Indexing the Documents

Next, we are going to index documents. Each document indexed contains a resident's name and a city's name and "citySuggest" object for the autocomplete to use:

curl -X PUT 'localhost:9200/autosuggest/mytype/44' -d '{
 "fullName": "Anna Reyes",
 "city": "At Tall al Kabīr",
 "citySuggest": {
   "input": [
     "At",
     "Tall",
     "al",
     "Kabir"
   ],
   "output": "At Tall al Kabīr"
 }
}'

The "citySuggest" object contains two lists named "input" and "output". In the input array, we are giving the space delimited values of the field "city". In the output field, the expected result for the value of the field "city" is given.

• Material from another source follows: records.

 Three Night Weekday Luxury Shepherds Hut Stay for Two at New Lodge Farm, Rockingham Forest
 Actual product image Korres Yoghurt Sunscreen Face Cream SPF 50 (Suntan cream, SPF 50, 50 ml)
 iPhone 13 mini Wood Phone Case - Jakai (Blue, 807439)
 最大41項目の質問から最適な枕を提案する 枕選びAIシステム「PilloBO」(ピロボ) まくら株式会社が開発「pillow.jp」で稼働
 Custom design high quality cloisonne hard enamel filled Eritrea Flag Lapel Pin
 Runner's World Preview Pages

The code for indexing the entire data set can be found in this repo.

How Auto Suggestion Works

In the above section, you saw how the documents were indexed with an extra field that contains the "input" and "output" lists. This implementation is for aiding the FST, (finite state transducers) to auto-suggest the documents. In the FST method, we have two bands, which are the "input" and the "output" bands. Each specific state of the transducer defines a binary relation between the input and the output values. In the above indexing example, we can see such a relation, where any input of "At", "Tall", "al""Kabir" is related to the output word "At Tall al Kabir".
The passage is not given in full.